Chris Conway

Personal information
- Born: County Laois

Sport
- Sport: Gaelic football
- Position: Corner forward

Club
- Years: Club
- Arles/Kilcruise

Club titles
- Laois titles: 1
- Leinster titles: 0

Inter-county
- Years: County
- To 2007: Laois

Inter-county titles
- Leinster titles: 1

= Chris Conway =

Laois Gaelic footballer

Chris Conway is a Gaelic football coach and player from County Laois.

He plays for the Arles-Kilcruise club. He formerly played at centre forward for Laois and in 2003 was part of the Laois team that won the Leinster Senior Football Championship title for the first time since 1946, before departing the inter-county scene after the 2006 season.
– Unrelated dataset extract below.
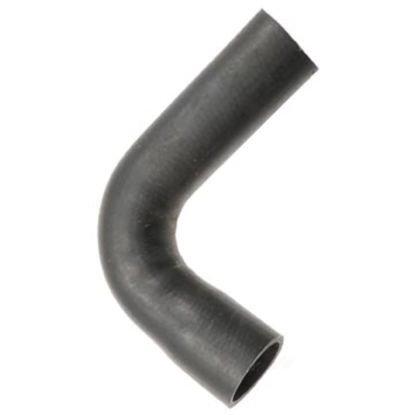 Picture of 71595 Curved Radiator Hose  By DAYCO PRODUCTS LLC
Conway emerged on to the scene in 1996 as part of the Laois minor team that won the All-Ireland Minor Football Championship title.

In 2003 his club Arles-Kilcruise won the Laois Senior Football Championship title under the captaincy of his brother, Paudge.
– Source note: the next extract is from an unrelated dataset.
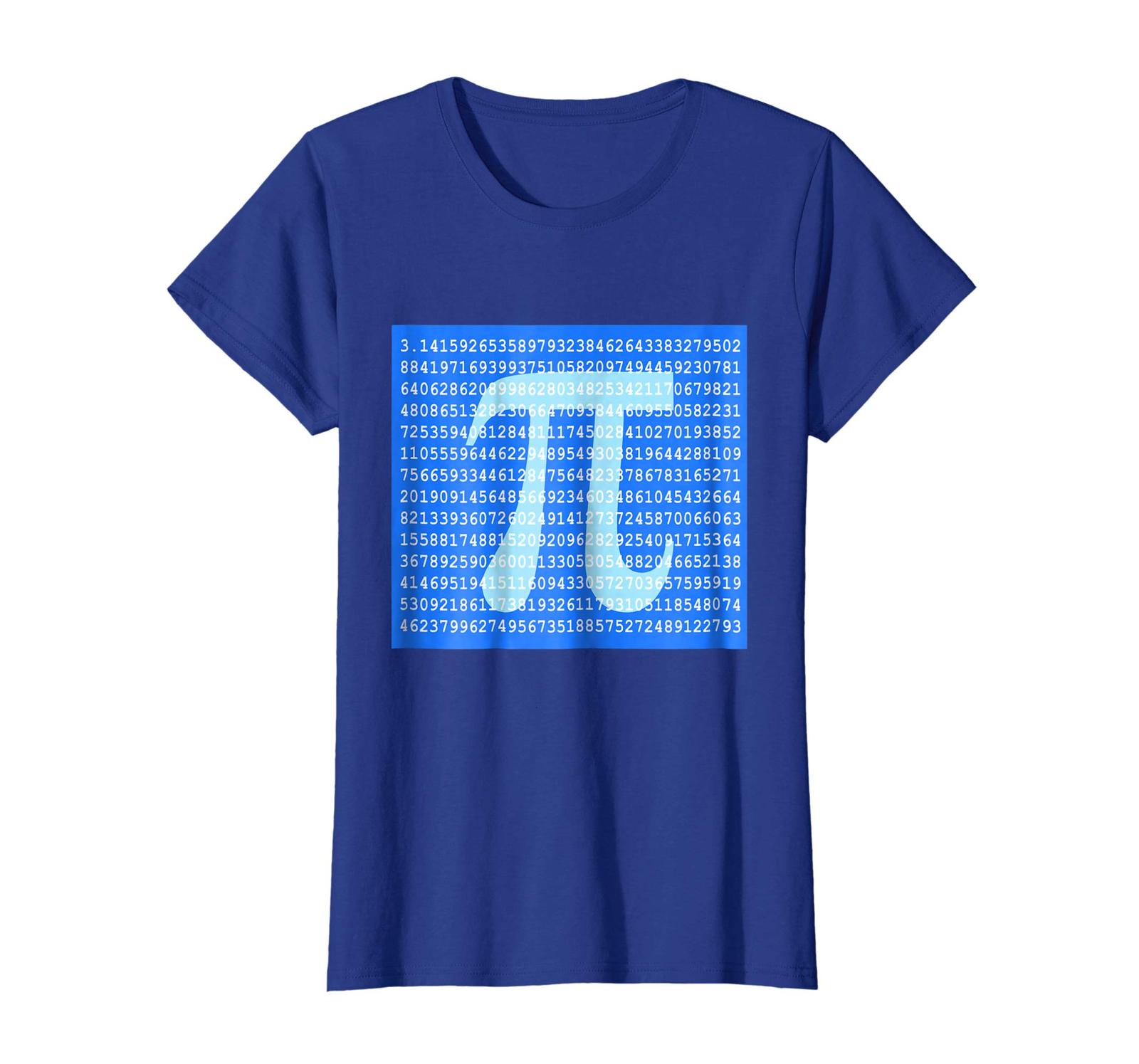 math tshirt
Conway also had a coaching role with Knockbeg College, where he is a schoolteacher, and guided his "alma mater" to a 2005 All-Ireland Senior Colleges title.

Conway finished his inter-county career with the Laois football team at the end of the 2007 season.

He joined the Laois backroom team as a coach (alongside Brian "Beano" McDonald) under the management of Billy Sheehan, who was appointed manager in October 2021.